* _DIRECTIONS_
From the records below, output exactly the lines running from the line containing "Then select pair" through the line containing "So I hope that", and no others.

* _EXCERPTED RECORDS_
====================
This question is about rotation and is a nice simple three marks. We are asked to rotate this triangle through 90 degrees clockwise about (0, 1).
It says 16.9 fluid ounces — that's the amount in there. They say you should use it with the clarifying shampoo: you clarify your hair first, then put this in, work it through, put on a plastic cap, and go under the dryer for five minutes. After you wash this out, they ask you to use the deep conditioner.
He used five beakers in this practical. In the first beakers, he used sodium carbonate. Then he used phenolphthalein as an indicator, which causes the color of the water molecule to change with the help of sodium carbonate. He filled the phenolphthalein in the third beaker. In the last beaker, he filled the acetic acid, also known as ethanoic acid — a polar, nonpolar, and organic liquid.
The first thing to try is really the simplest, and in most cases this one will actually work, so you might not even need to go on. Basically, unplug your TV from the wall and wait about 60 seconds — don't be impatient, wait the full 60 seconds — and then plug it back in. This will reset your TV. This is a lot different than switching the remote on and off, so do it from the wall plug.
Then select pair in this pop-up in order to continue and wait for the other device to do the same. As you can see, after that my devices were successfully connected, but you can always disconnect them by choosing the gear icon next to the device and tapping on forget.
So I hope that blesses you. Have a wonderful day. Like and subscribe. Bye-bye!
====================
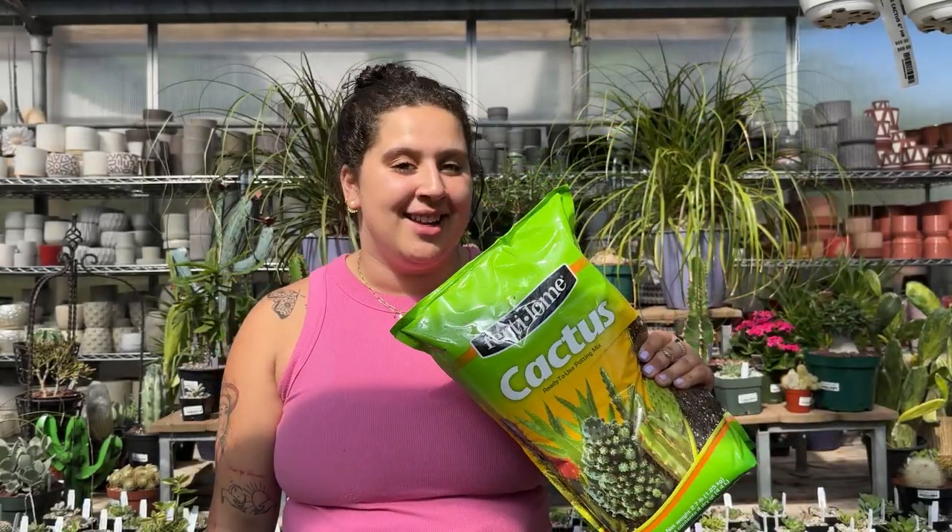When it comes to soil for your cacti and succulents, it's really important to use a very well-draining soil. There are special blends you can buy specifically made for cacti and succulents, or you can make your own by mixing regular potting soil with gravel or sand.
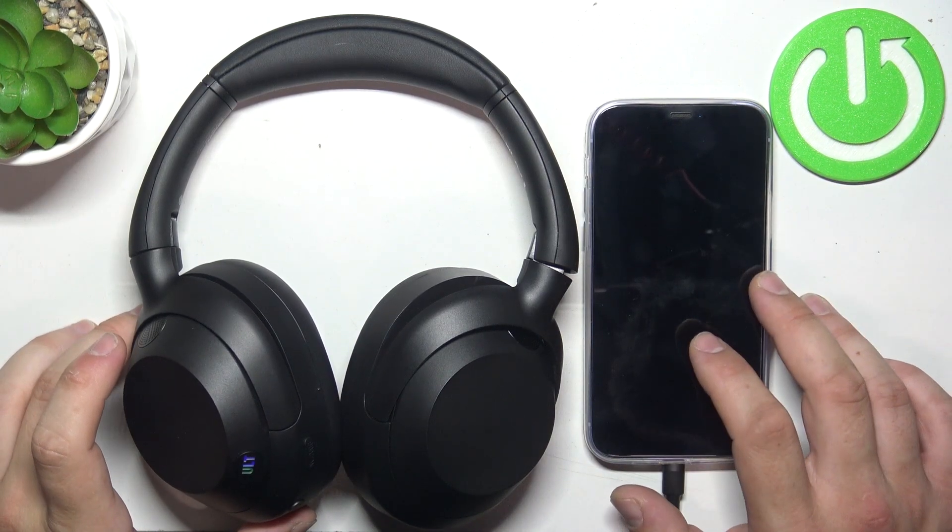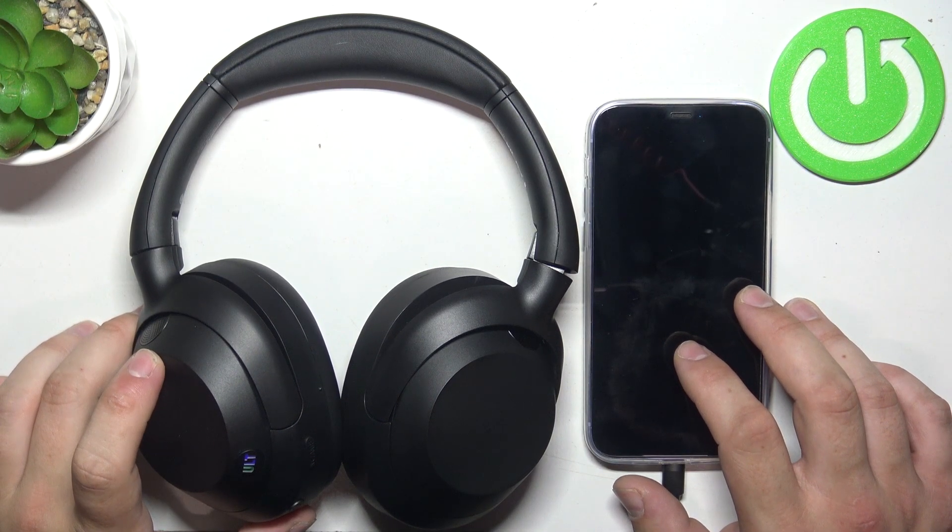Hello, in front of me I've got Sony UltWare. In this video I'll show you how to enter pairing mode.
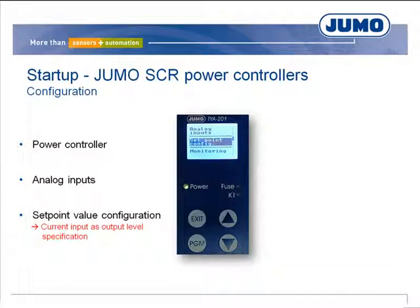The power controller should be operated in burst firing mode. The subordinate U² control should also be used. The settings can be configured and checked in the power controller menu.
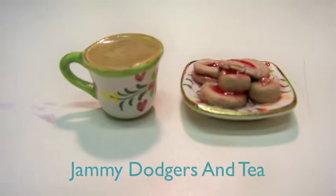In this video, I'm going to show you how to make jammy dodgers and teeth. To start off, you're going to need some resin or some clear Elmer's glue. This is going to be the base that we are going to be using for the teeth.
====================
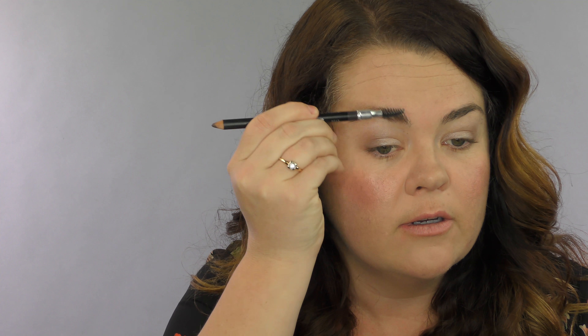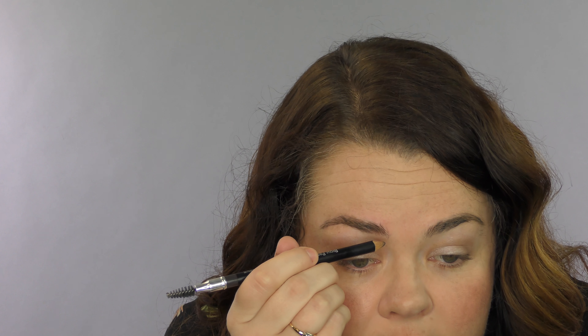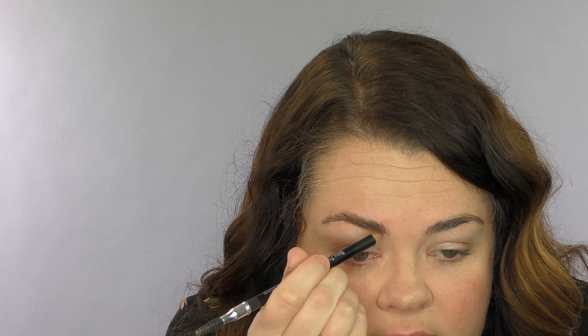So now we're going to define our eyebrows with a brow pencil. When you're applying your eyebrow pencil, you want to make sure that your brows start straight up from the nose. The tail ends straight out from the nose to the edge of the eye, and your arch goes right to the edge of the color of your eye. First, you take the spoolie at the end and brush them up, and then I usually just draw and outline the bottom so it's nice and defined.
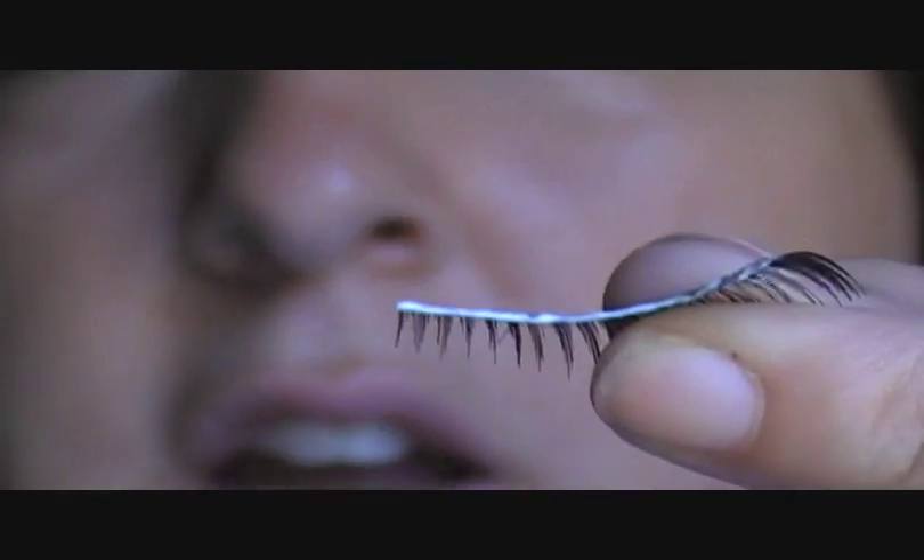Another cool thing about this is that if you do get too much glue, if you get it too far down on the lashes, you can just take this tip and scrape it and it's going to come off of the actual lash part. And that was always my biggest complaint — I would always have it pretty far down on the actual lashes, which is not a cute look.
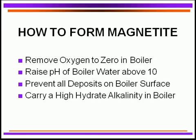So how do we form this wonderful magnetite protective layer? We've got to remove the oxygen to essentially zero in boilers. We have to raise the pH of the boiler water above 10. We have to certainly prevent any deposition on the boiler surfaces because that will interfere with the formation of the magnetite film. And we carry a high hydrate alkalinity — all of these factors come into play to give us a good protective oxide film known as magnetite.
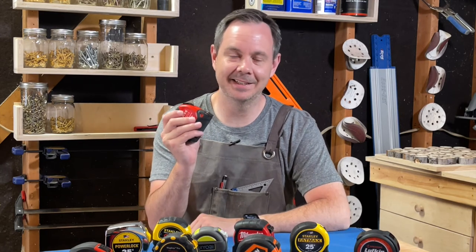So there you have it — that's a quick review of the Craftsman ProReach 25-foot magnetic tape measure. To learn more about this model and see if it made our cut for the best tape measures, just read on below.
====================
* _EXERCISE OUTPUT_
Then select pair in this pop-up in order to continue and wait for the other device to do the same. As you can see, after that my devices were successfully connected, but you can always disconnect them by choosing the gear icon next to the device and tapping on forget.
So I hope that blesses you. Have a wonderful day. Like and subscribe. Bye-bye!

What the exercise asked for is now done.